Senior Chhattisgarh writer Sunil Kumar claims that the INC may lose half of its ST seats in the Bastar and Surguja areas and that the state’s Adivasis are not satisfied with the Congress. For Kumar, it’s not India vs Bharat in the General Elections; rather, it’s India versus NDA. “The tribal people in the regions of Bastar and Surguja are divided,” he claims. The community has made it quite clear up to this point that they would support PM Modi nationally regardless of who they supported in the state elections. As a result, I don’t think any party would win the tribal vote in the general elections as a whole. Additionally, I believe that, unlike with the OBCs, India is not really attempting to elevate Adivasi problems to a national platform.

In addition, Kumar emphasizes that Adivasi concerns vary from state to state and notes that an issue that is significant to Adivasi populations in the Northeast may not be as essential to those in the Hindi belt or the South.

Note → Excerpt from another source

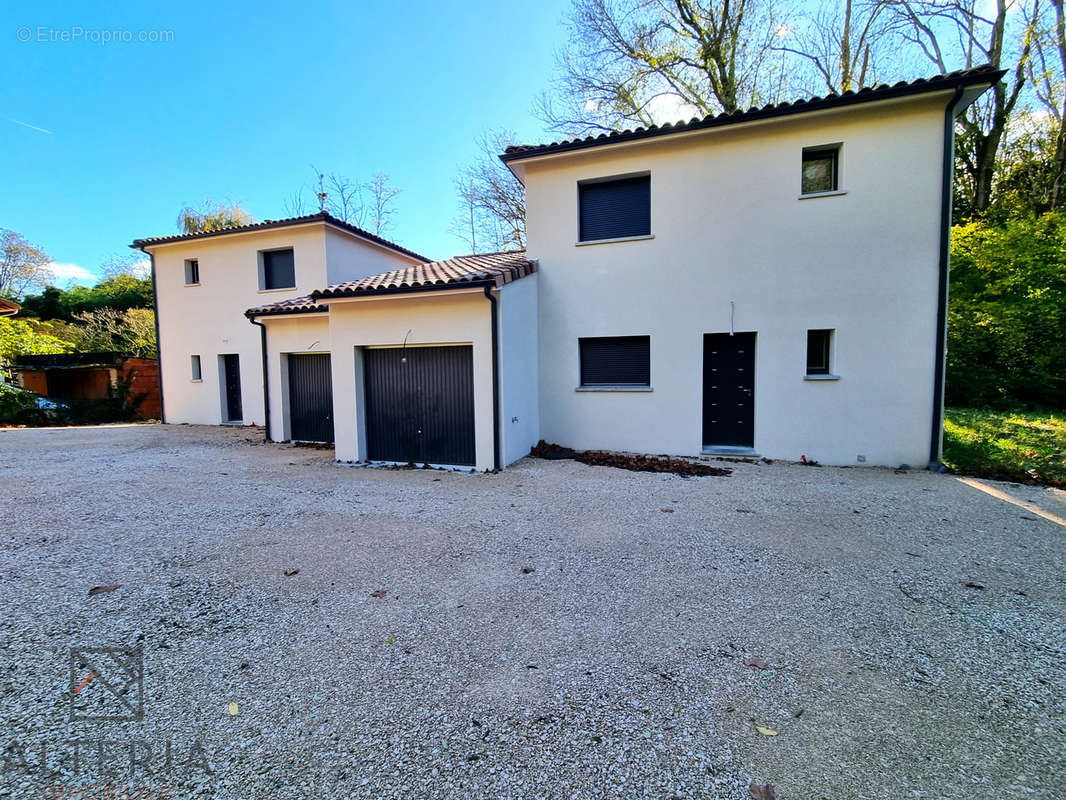 Maison à CASTANET-TOLOSAN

Sociology professor Suraj Gogoi of RV University, Bengaluru, concurs that the issues facing the Adivasis in the Northeast are substantially distinct from those facing people in other regions. According to him, the two main concerns facing the Adivasis in this area are development and autonomy. People in Arunachal Pradesh support the BJP because they think the party is in charge of building the 169 dams that are now under development. The Adivasis from the Chotanagpur area of Jharkhand who came to Assam as laborers have still not been given the ST classification. They now number over 70 lakh. Many BJP representatives are present in the group, and they have been successful in persuading them that the party would guarantee them tribal status. The scenario is similar in Tripura.

Thanks to the support of Meitei voters, the BJP is already well-established in Manipur. Numerous tribal groupings exist in the Northeast, and they do not unite around a common philosophy or in the name of Adivasi unity. Actually, demonstrations over the Manipur problem were not as widespread in Assam or other Northeastern states as they were in the Hindi tribal belt states.

According to Gogoi, the BJP can take advantage of and profit from problems like the NRC in the area before to the general elections. He claims that the tribal voter may support Bharat or the BJP based on the sentiment that is now present in the Northeast.